Top 10 Warehouse Safety Tips: 10 Key Elements to Keep Your Team Safe
warning sign in front of stacked pallets in a warehouse signifying warehouse safety

Over 145,000 people work in the warehousing industry in the United States. According to the Bureau of Labor Statistics (BLS), warehouse workers may face a higher risk of injuries than employees in other industries. Which is why warehouse safety is so important. The warehousing and storage industries have an average injury rate of 4.8 per 100 workers, according to data from 2020. That’s much higher than the national average of 2.7 per 100 workers for all other private industries. So, it’s crucial that warehouse owners and managers take every precaution available to keep their employees safe.

To help you improve your current processes, the following warehouse safety improvement ideas could get you on the right track.

A warehouse safety checklist

OSHA statistics regarding injuries and warehouse safety

1.   Provide proper training for forklifts

Around 100 workers are killed operating forklifts while another 95,000 are injured every year in the U.S. But the following tips could help your employees stay safe around this heavy machinery.

  • Ensure employees have proper training: Only employees who are trained and certified should operate a forklift – and they should have training for the particular models used in your warehouse.
  • Maintain clear visibility: Ensure that a forklift’s work area is clear from any potential obstructions and that the operator has enough room to maneuver it properly.
  • Regularly inspect forklifts: Forklifts should ideally be inspected once per day to check controls and to spot any equipment damage.

2.   Optimize your warehouse layout

Overexertion is one of the top contributing factors to injuries among workers, especially when lifting heavy palettes. Beyond providing your employees with proper warehouse safety training on lifting methods, you can also turn to the layout of your warehouse itself to minimize potential injuries. For instance, consider raising palettes that weigh 35 pounds or more at or near elbow height, so that employees can minimize the lifting distance.
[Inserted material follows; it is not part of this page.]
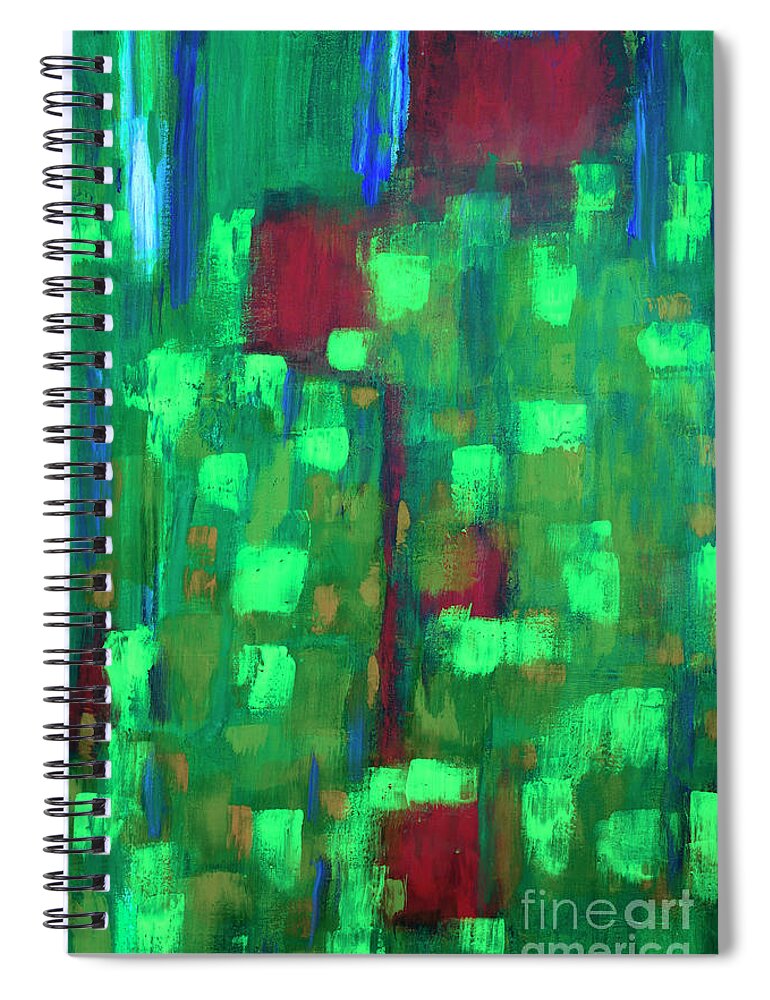 Abstract Spiral Notebook featuring the painting Blue Note by Catalina Walker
3.   Stack items carefully

Speaking of heavy palettes, improperly stacked items could quickly become dangerous on higher shelves. Therefore, it’s important that items should be stacked squarely and straight without overhanging edges. Subsequently, for added stability, try to keep heavier items toward the bottom of the pile, and consider an interlocking system when possible.

4.   Make sure employees understand hazardous materials

If your facility handles hazardous materials, like chemicals, it’s important that employees understand the potential dangers that could arise from handling them.

Ways you could accomplish this include:

  • Keeping accurate records: Maintain a Material Safety Data Sheet (MSD) of all the chemicals that workers could be exposed to at your facility.
  • Provide a clean-up plan: Your MSD should ideally provide instructions on how to clean up spills, with properly labeled clean-up kits located at easy-to-reach locations.
  • Provide personal protective equipment: Your facility should have adequate PPEs, like respiratory masks, for all employees in easy-to-access spots.

5.   Conduct regular risk assessments

It’s important to conduct regular risk assessments for any new hazards in any warehouse, especially one that stores dangerous chemicals. Ideally, this should be done once per year before the peak season. A typical risk assessment for a warehouse should include:

  • Documentation of all potential hazards and their control measures.
  • Interviews with employees, for insight into daily operations.
  • Consulting with safety experts for specialized advice in unique scenarios.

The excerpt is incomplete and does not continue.